Hi All,
Here is our approach to the subject.
HW is based on XMOS far-field voice processor and is in the form of hat for Radxa/RPi/OrangePi.
At the moment we are mainly focusing on Radxa Zero 3E because it has a built-in Ethernet and camera support.
Since the main assumption is to work as a far-field microphone but also an advanced alarm sensor, we gave up ESP32 in favor of more powerful processors based on Linux.

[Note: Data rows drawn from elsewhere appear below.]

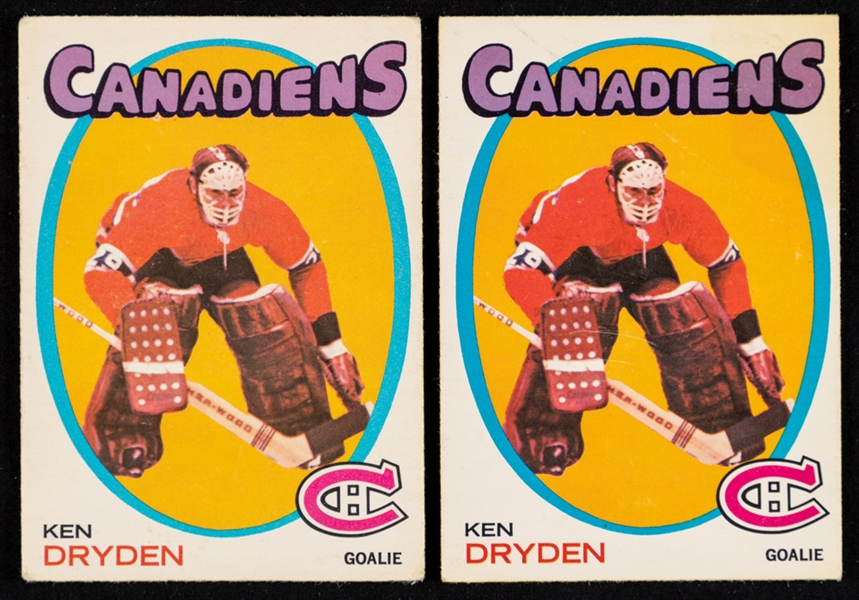 1971-72 O-Pee-Chee Hockey Cards #45 HOFer Ken Dryden Rookie (2)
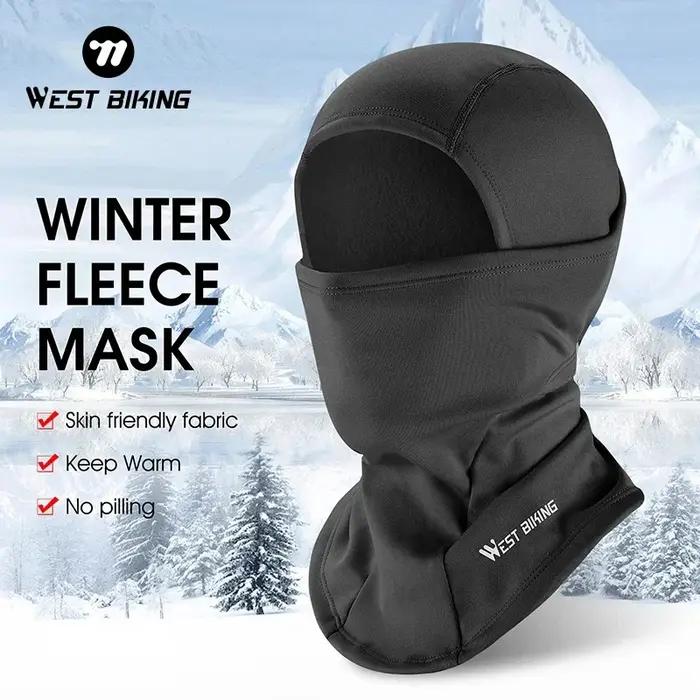 WEST BIKING-Cagoule de cyclisme en velours, écharpe de course chaude, couverture complète du visage,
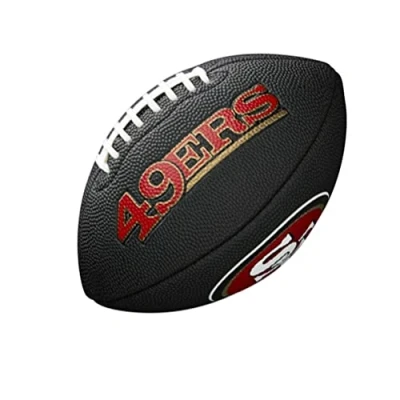 Abbildung von Wilson Unisex Youth MINI NFL TEAM SOFT TOUCH FB BL SF American Football, BLACK,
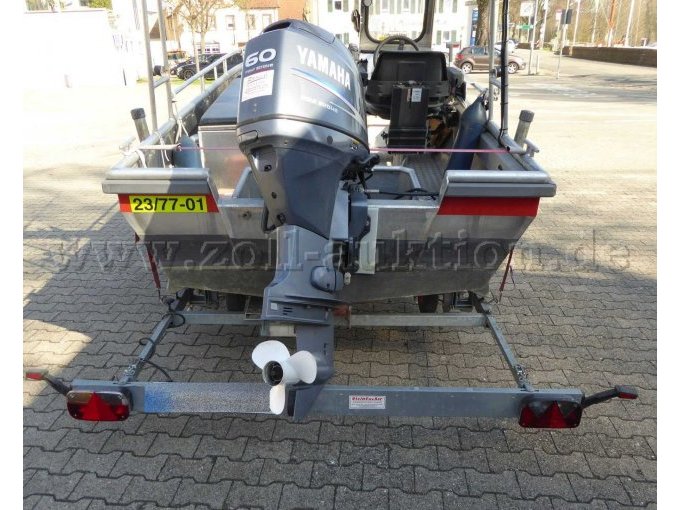 1 Steinbacher boottransporter met een Schmitt-reddingsboot met een Yamaha F60CETL-motor – foto 6 – kavel bij Zoll-Auktion, Worms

One of the assumptions is to support a high-resolution cameras for motion/face detection.
Main product features:
Based on XMOS far-field voice processor support AEC, and beam-forming
Best in class PDM 4x microphones array
6W Hi End DAC to connect directly to a speaker.
3 ways of supply:
build in wide range DC/DC converter that supply voice HAT as well as Radxa/RPi/OrangePi
can be supplied over USBC (due to current limitations not all options may be available). Can work as a separate USB device witout bottom Radxa/RpI/Orange it is detected in Win/Linux as a far-field microphone
option to work with POE at the moment support for popular Hi power PoE modules from Aliexpress type RT5400
Built-in speaker so it can work as a Media Player Device
Socket for mounting popular microwave sensor HLK-LD2450.
Priority is security and stability so we gave up WiFi in favor of a cable LAN connection. But after adding a WiFi card to Radxa Zero 3E or using directly built-in WiFi in RPi/Orange zero works over WiFi
Camera cutout for full RPi.
XMOS programming connector.
Support for popular standards such as local openwakeword and wyoming satellite or anything else that can be lunched on RAdxa/Ri/Orange. We use I2S and it is recognized in Linux as ALSA play/record device
Which XMOS chip are you exactly using?
Do you plan to use the code from here or do you want to use the XVF3800 firmware binaries? In the latter case I would assume that you would have to use this variant.
Just curious: is it the XVF3800 production firmware source code one can only access if some prove of buying matching silicon or dev kit has been provided: VocalFusion Software Request Form | XMOS
Yes but to keep some compatibility for now we do not use MCLK generated on host. Switching between three popular hosts platform is by soldering bridge resistors.
And yes we have a plan to sell it. We have few prototypes we tests over last few weeks and so far we are happy from results.
As for I2S it is a slave for SBC. MCLK is generated by XMOS. We tried to be master but it didnt work properly on ALSA. Only two separate record and play device but that on other hand did not work correcly with wyoming satellite and openwakeword.
I2C is a slave for SBC and can be used to control XMOS as well as FW updates.
USBC is connected directly to XMOS without multiplexer to SBC. So HAT itself without SBC can be a separate far-field mic and speaker for any other devices like win/linux PCs.
Currently the XK-VOICE-L71 attached to a Raspberry Pi 3A+ which I had still lying around. I am running raspios-bookworm.
Initially, I had some plans to build my own PCBs with KiCad8, probably with separate Mic-Array- and XMOS-PCBs. Possible manufactured by JLCPCB.
But since a few boards of other people were spotted in the wild already(incl. yours), I will wait a bit and see if somebody comes up with such a board(s)/solutions.
Long-term plan would be to build some simple replacement PCB(s) which could replace the already existing PCB(s) in commercial active/smart speakers.
Maybe it is the time to design a general purpose XMOS breakout PCB with seperate mic-array board so that it could be fitted on other PCBs easily.
@spchouse
Any reason why you have chosen XVF3800 over XVF3610?
XMOS themselves recommend XVF3800 with 4 mics and beam-forming for products in the area of conference speakers with beam-forming, etc.
The XVF3610 would be sufficient for voice assistants.
I still wonder though how the XVF3610 firmware differs from the “open-source” XCORE-VOICE" (sln_voice repo) with respect to performance related to the ASR stream (cleaned from echos and the reference audio).
Mainly because of beam forming and far-field solution. If board is mounted somwhere in the corner of the room or in ceiling as a security sensor that is a must have.